Records supplied:

------------------------------------------------------------------------

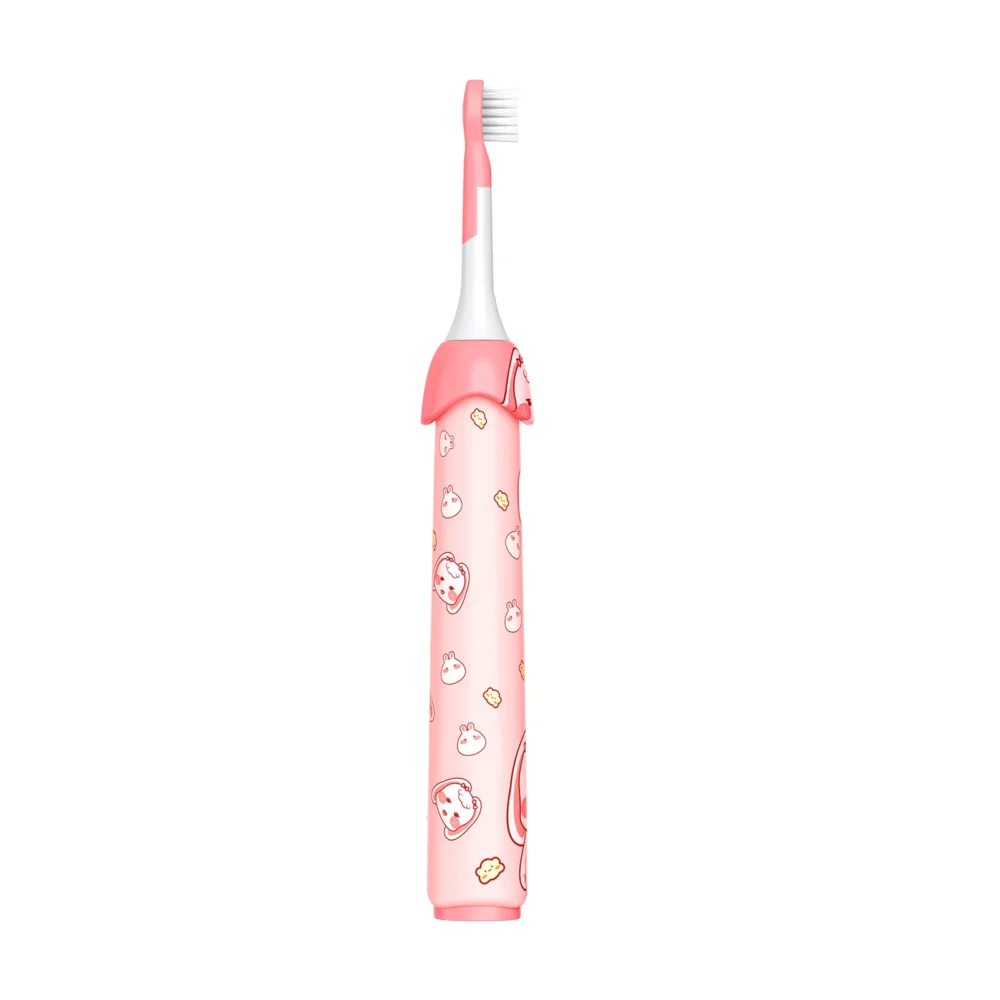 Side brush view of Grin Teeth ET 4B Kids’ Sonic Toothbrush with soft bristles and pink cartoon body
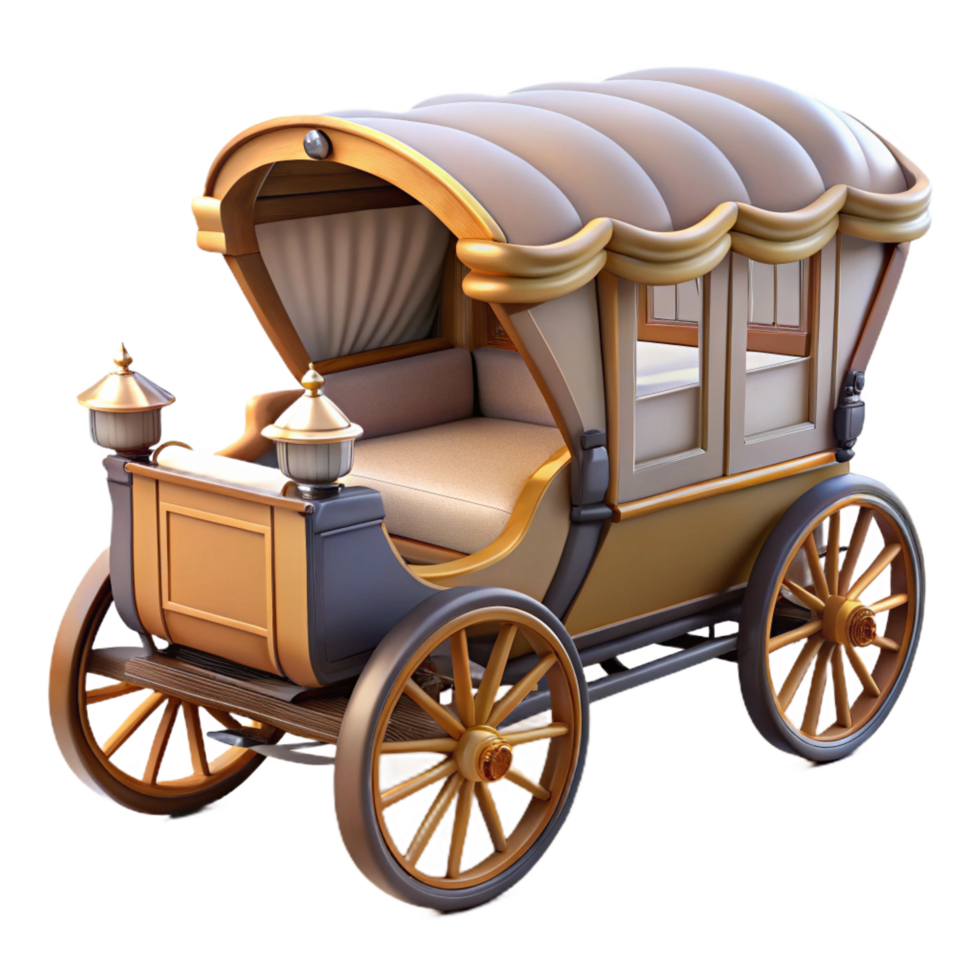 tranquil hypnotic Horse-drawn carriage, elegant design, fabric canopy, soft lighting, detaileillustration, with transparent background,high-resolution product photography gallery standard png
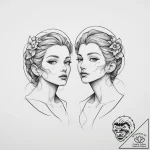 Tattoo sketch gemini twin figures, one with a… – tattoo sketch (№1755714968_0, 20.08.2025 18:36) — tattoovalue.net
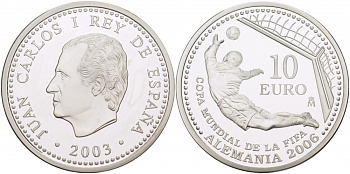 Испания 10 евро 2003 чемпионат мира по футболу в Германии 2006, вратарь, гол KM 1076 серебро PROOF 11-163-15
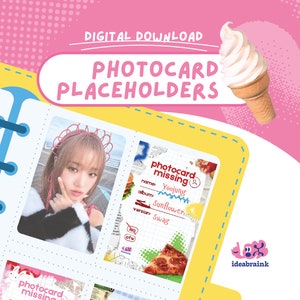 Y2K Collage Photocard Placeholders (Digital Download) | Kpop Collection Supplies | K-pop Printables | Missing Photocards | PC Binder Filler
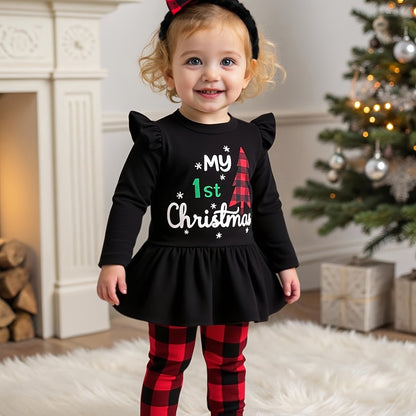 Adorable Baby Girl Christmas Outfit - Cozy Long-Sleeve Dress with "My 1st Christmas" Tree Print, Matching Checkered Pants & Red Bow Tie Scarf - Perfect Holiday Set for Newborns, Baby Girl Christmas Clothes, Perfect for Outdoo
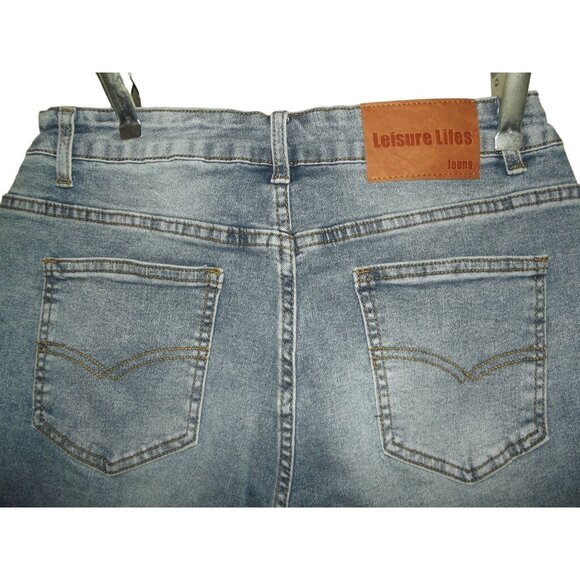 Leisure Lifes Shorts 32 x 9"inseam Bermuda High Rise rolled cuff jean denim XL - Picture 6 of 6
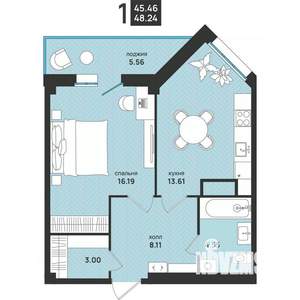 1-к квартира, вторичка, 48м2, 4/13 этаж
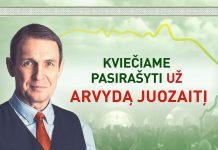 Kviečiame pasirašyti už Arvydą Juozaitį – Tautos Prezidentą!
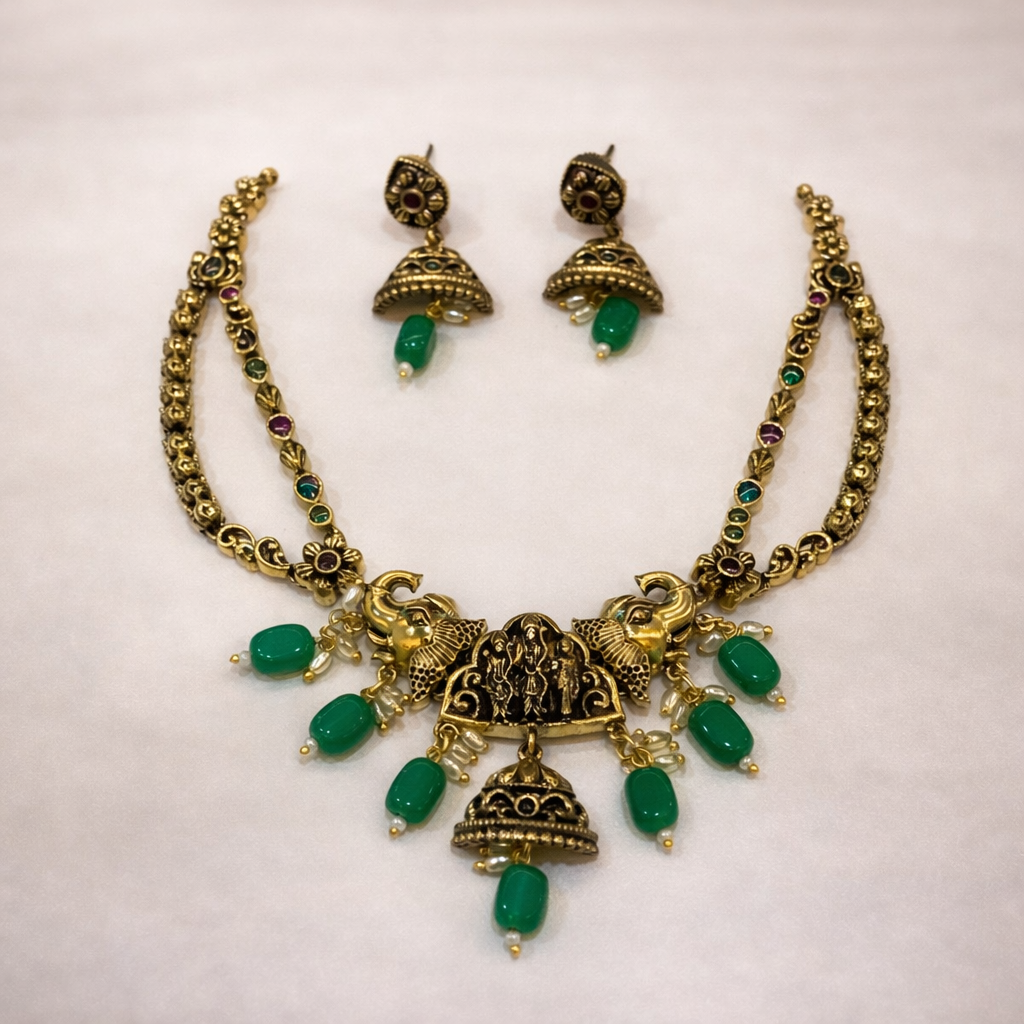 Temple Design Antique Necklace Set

------------------------------------------------------------------------

Your assignment: Could you output the entire listing verbatim while omitting its pictures?

Answer to this exercise:
 Side brush view of Grin Teeth ET 4B Kids’ Sonic Toothbrush with soft bristles and pink cartoon body
 tranquil hypnotic Horse-drawn carriage, elegant design, fabric canopy, soft lighting, detaileillustration, with transparent background,high-resolution product photography gallery standard png
 Tattoo sketch gemini twin figures, one with a… – tattoo sketch (№1755714968_0, 20.08.2025 18:36) — tattoovalue.net
 Испания 10 евро 2003 чемпионат мира по футболу в Германии 2006, вратарь, гол KM 1076 серебро PROOF 11-163-15
 Y2K Collage Photocard Placeholders (Digital Download) | Kpop Collection Supplies | K-pop Printables | Missing Photocards | PC Binder Filler
 Adorable Baby Girl Christmas Outfit - Cozy Long-Sleeve Dress with "My 1st Christmas" Tree Print, Matching Checkered Pants & Red Bow Tie Scarf - Perfect Holiday Set for Newborns, Baby Girl Christmas Clothes, Perfect for Outdoo
 Leisure Lifes Shorts 32 x 9"inseam Bermuda High Rise rolled cuff jean denim XL - Picture 6 of 6
 1-к квартира, вторичка, 48м2, 4/13 этаж
 Kviečiame pasirašyti už Arvydą Juozaitį – Tautos Prezidentą!
 Temple Design Antique Necklace Set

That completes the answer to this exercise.